How To Make Sushi
Want to learn how to make sushi? Sushi originated in southeast Asia in the 4th century B.C. as a way of preserving fish with salted rice. In the 8th century A.D., sushi arrived in Japan, where instead of using the salted rice to preserve the fish, they ate the fish and rice together. Gradually, the dish evolved into the form popular today: fish, vegetables and other ingredients wrapped in vinegared rice and seaweed. Preparing your own sushi can be tricky at first, but allows you to have a lot of fun getting creative with your fillings.
What you'll need to make sushi:
- 2 c. sushi rice (short-grain white rice)
- 2 c. water
- 2 tbsp. rice vinegar
- 1 tbsp. kosher salt
- 2 tbsp. sugar
- 6 sheets sushi nori
- fillings of your choice
- wasabi (optional)
- soy sauce
- pickled ginger
- extra rice vinegar
- large glass baking dish
- wooden spatula
- rolling mat
- plastic wrapsmall dish
- sharp knife
How to make sushi:
- Rinse the sushi rice in cool water. Drain, then repeat twice more or until the water is no longer cloudy.
Combine the sushi rice and water in a saucepan and bring to a boil. Cover, lower the heat and simmer for fifteen minutes, then remove from heat and let sit for ten minutes.
Transfer the cooked rice to a large glass baking dish or other flat dish. Add the sugar, rice vinegar and salt. Fold the ingredients gently with the wooden spatula to avoid crushing the individual rice grains, continuing until everything is well mixed and the rice is cool.
- Lay a sheet of nori (toasted seaweed) shiny side down on the sushi rolling mat. To avoid getting rice on your mat, cover it with plastic wrap first.
Pour a small amount of rice vinegar into a shallow dish. Use the vinegar to moisten your fingertips when they get sticky.
Spread one cup of sushi rice (about one sixth of the rice) evenly over the nori. Leave a space of about an inch on the top.
Place your desired fillings in a line across the middle of the rice. Limit yourself to two (possibly three) options, or your sushi will become overstuffed and difficult to roll. If you like your sushi spicy, spread a thin line of wasabi (Japanese horseradish) across the rice before you add the topics.
- Using the sushi mat, fold the bottom half of the nori up and over the fillings. Continue rolling, squeezing as you go to ensure that the rice is packed together, until the sushi is a tightly rolled cylinder. Be careful not to squeeze too hard, however, or you could push out the filling or break the roll.
- Cut the sushi into 1.5-inch pieces. Use a sharp knife and wet it with a little rice vinegar between each cut, or the sushi could squish and tear instead of cutting neatly.

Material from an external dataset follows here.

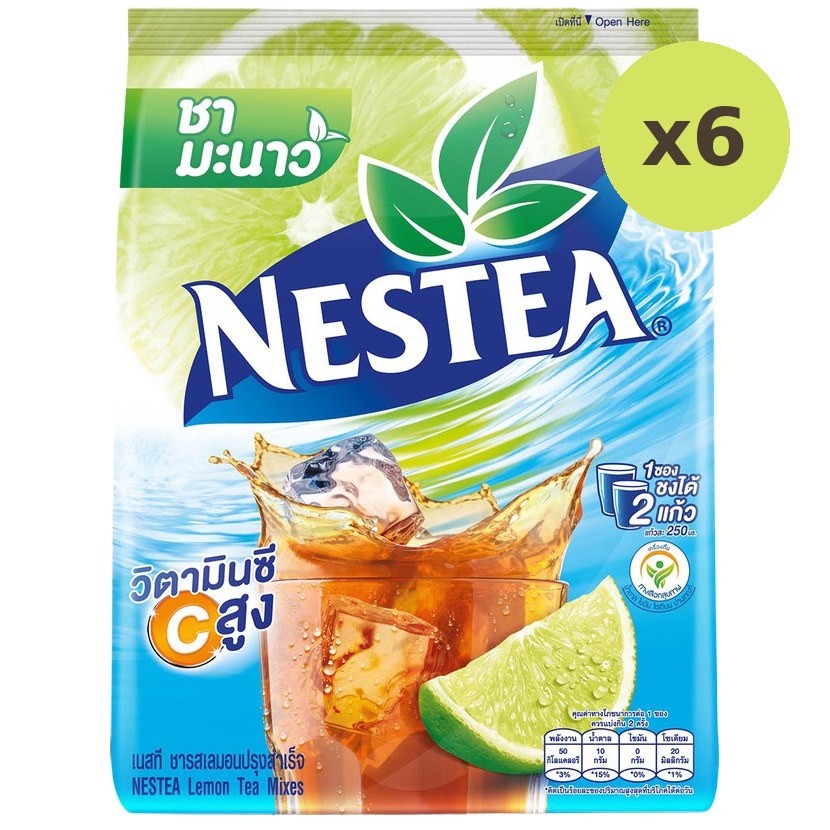 Nestea Lemon Tea - image 2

- Serve the sushi with soy sauce and pickled ginger.
- Popular American sushi rolls include the California roll (crab, cucumber and avocado) and the Philly roll (cream cheese, scallions and smoked salmon). More traditional sushi fillings include tamago (egg), eel and raw tuna. When you make sushi, try these fillings, or use your own combinations of fish, meat and vegetables for a unique and delicious sushi roll. Just make sure that any raw fish you eat is fresh and comes from a safe, trusted source.